:: Problem to work on ::
Copy the entries without a single change. Pictures should be dropped.
*** Begin section ***
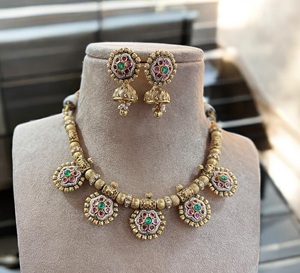 Ensemble de collier classique en plaqué or Rajwadi de créateur avec boucles d'oreilles pour femmes Ensemble de collier traditionnel Bijoux de mariage de créateur - Product Image 2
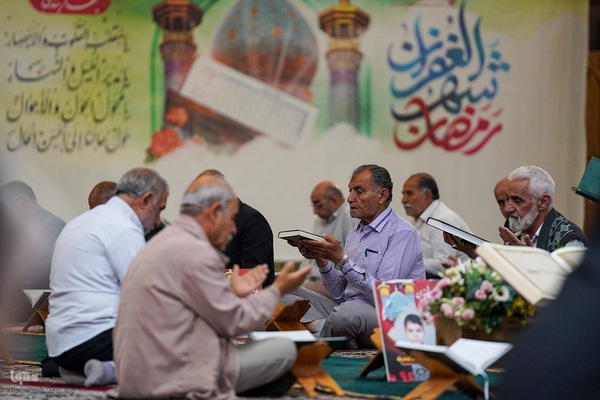 محفل جزءخوانی قرآن ماه رمضان در حرم مطهر شاهچراغ(ع)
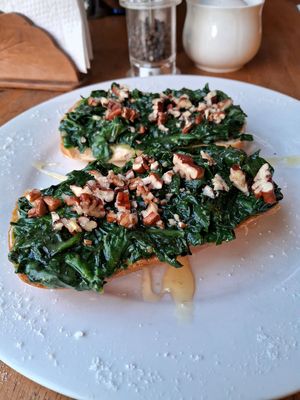 Sándwich de queso con miel y pecanas 9/10 at Chocolate Cafe in Huanchaco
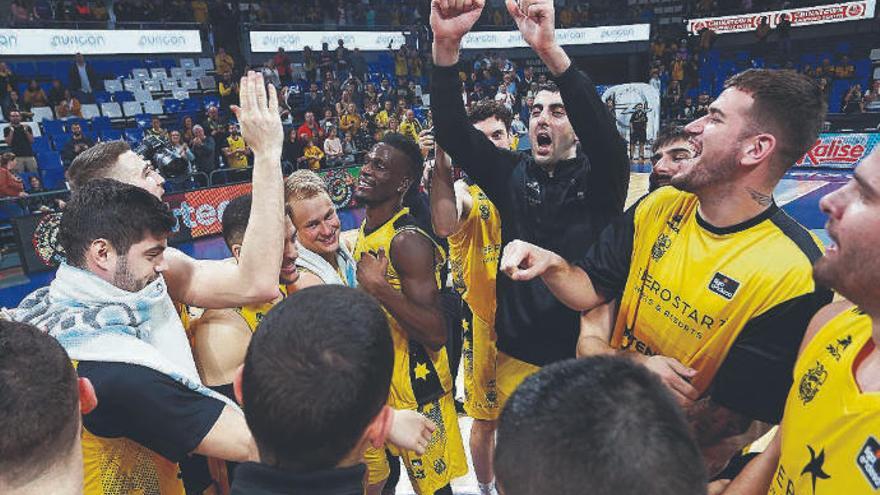 Los jugadores del Iberostar celebran la clasificación copera lograda el domingo.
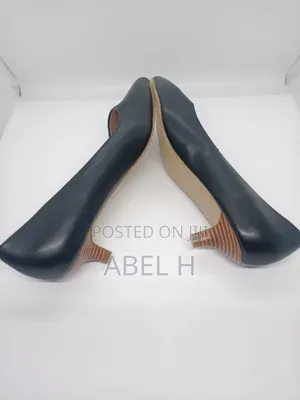 Journee Collection Woman's Slip on Pointed Toe Heel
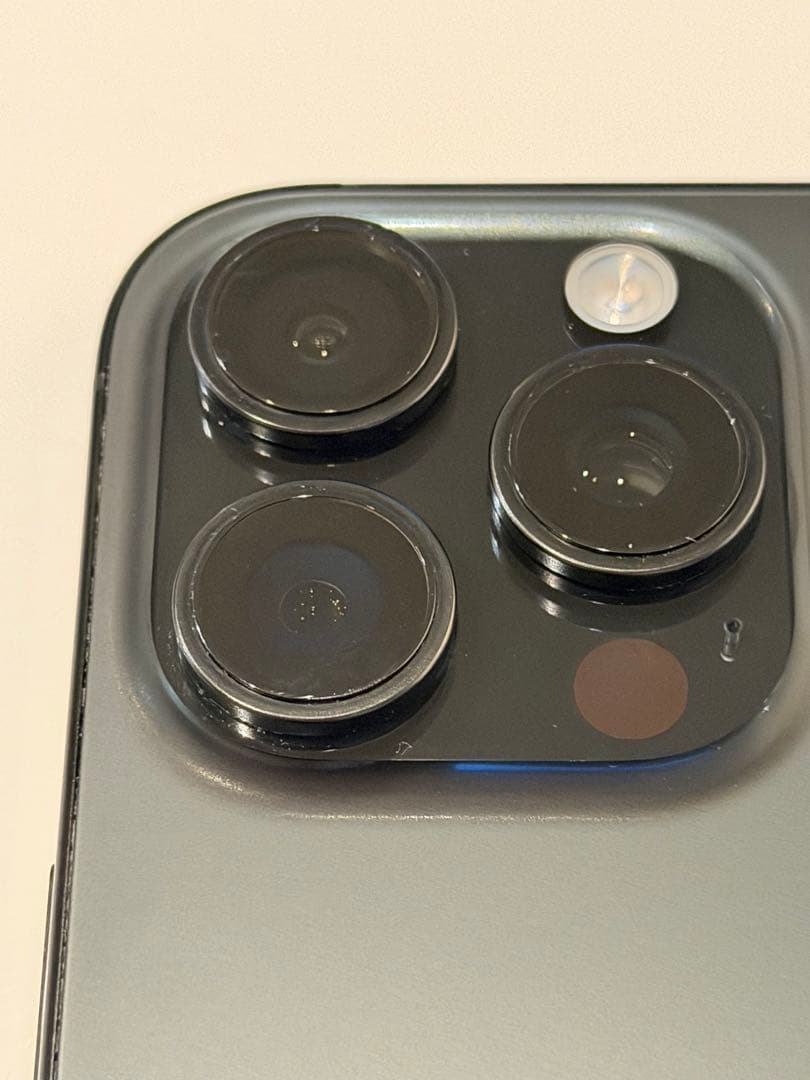 iPhone 16 Pro 256gb 画面上部小傷有り　ブラックチタン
*** End section ***
:: Answer to this exercise ::
 Ensemble de collier classique en plaqué or Rajwadi de créateur avec boucles d'oreilles pour femmes Ensemble de collier traditionnel Bijoux de mariage de créateur - Product Image 2
 محفل جزءخوانی قرآن ماه رمضان در حرم مطهر شاهچراغ(ع)
 Sándwich de queso con miel y pecanas 9/10 at Chocolate Cafe in Huanchaco
 Los jugadores del Iberostar celebran la clasificación copera lograda el domingo.
 Journee Collection Woman's Slip on Pointed Toe Heel
 iPhone 16 Pro 256gb 画面上部小傷有り　ブラックチタン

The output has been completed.